This exercise requires an exact output of the listing, images omitted.
[Data extract — start]
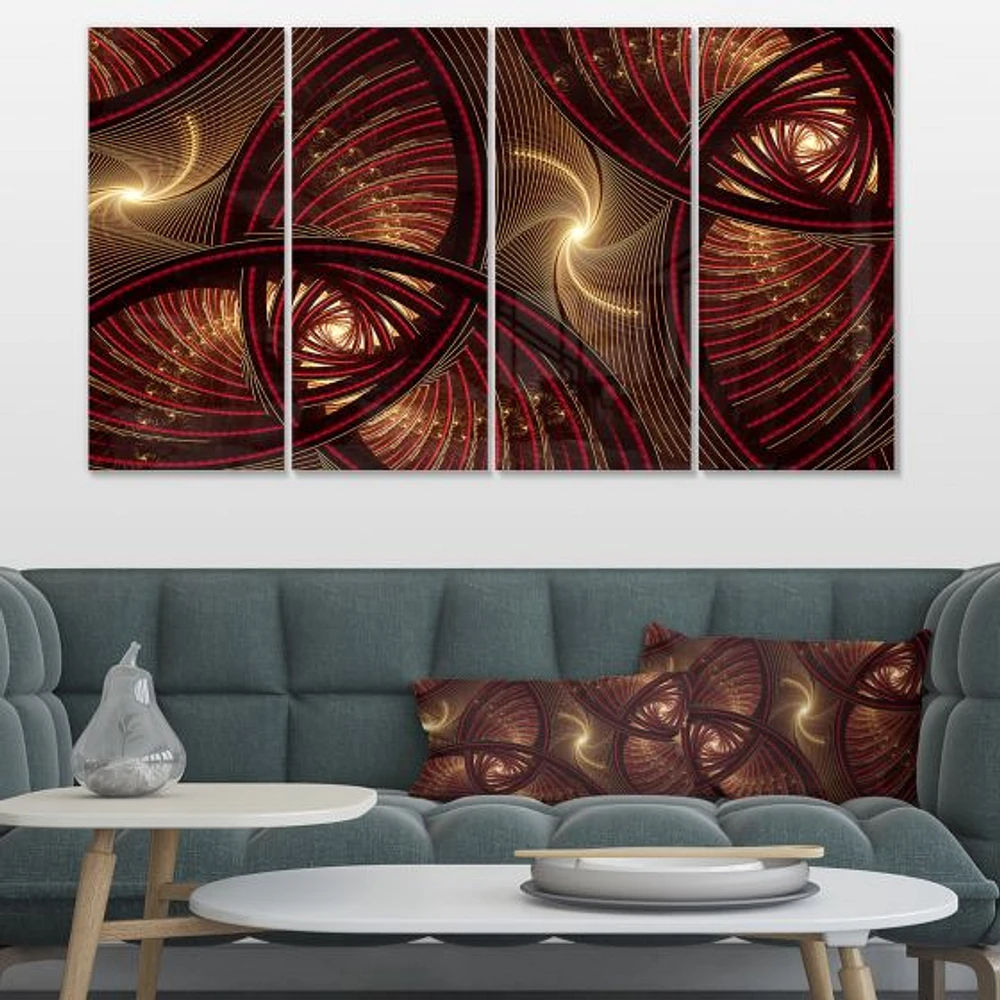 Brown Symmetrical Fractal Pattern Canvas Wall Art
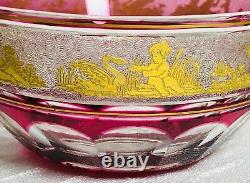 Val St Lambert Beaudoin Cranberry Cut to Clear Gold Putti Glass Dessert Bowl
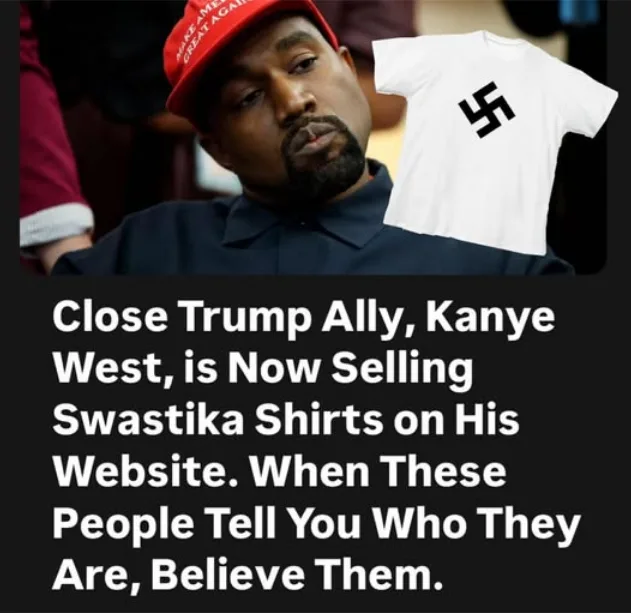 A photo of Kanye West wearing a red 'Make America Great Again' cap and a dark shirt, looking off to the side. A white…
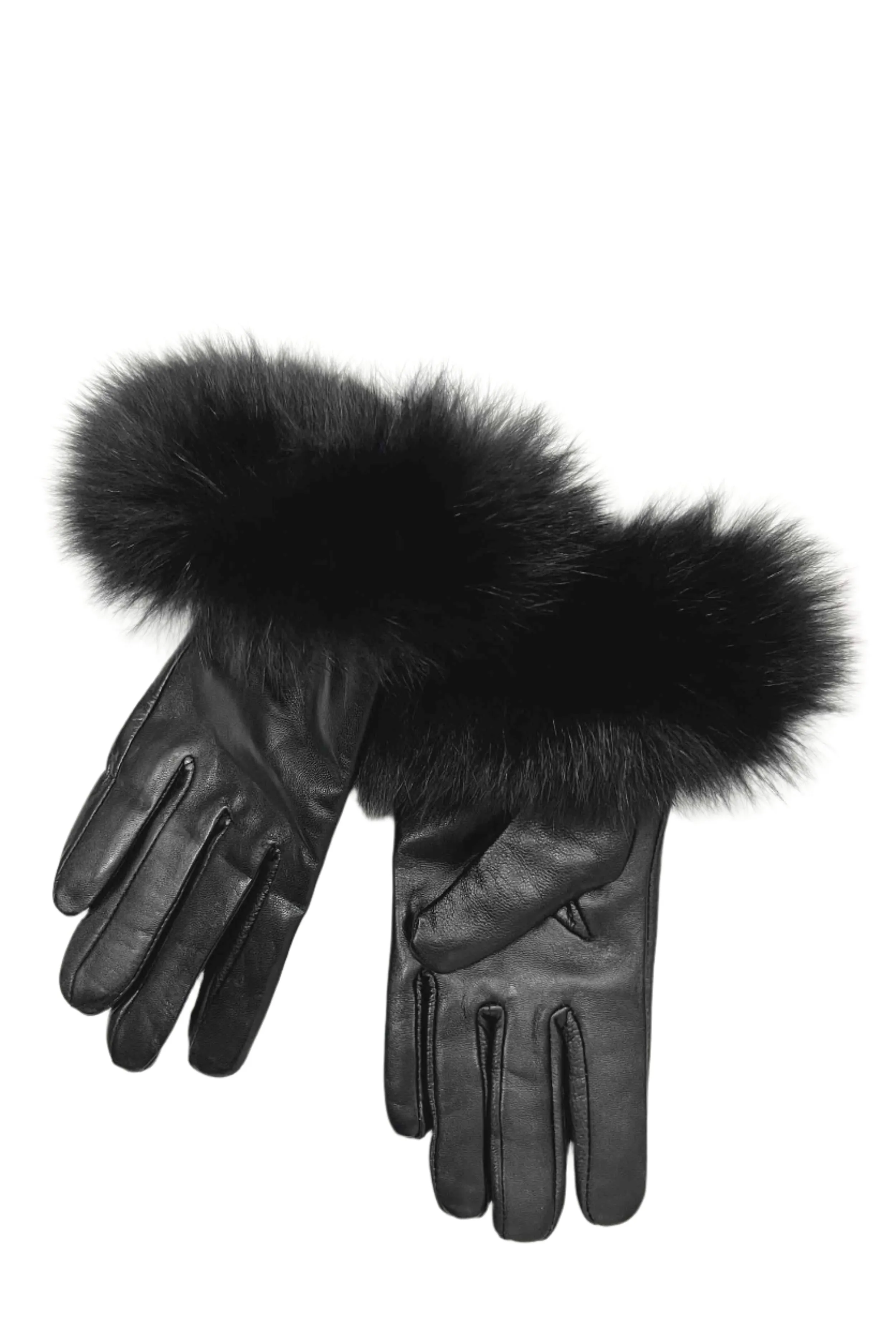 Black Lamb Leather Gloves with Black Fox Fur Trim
[Data extract — finish]
▶ _The answer_:
 Brown Symmetrical Fractal Pattern Canvas Wall Art
 Val St Lambert Beaudoin Cranberry Cut to Clear Gold Putti Glass Dessert Bowl
 A photo of Kanye West wearing a red 'Make America Great Again' cap and a dark shirt, looking off to the side. A white…
 Black Lamb Leather Gloves with Black Fox Fur Trim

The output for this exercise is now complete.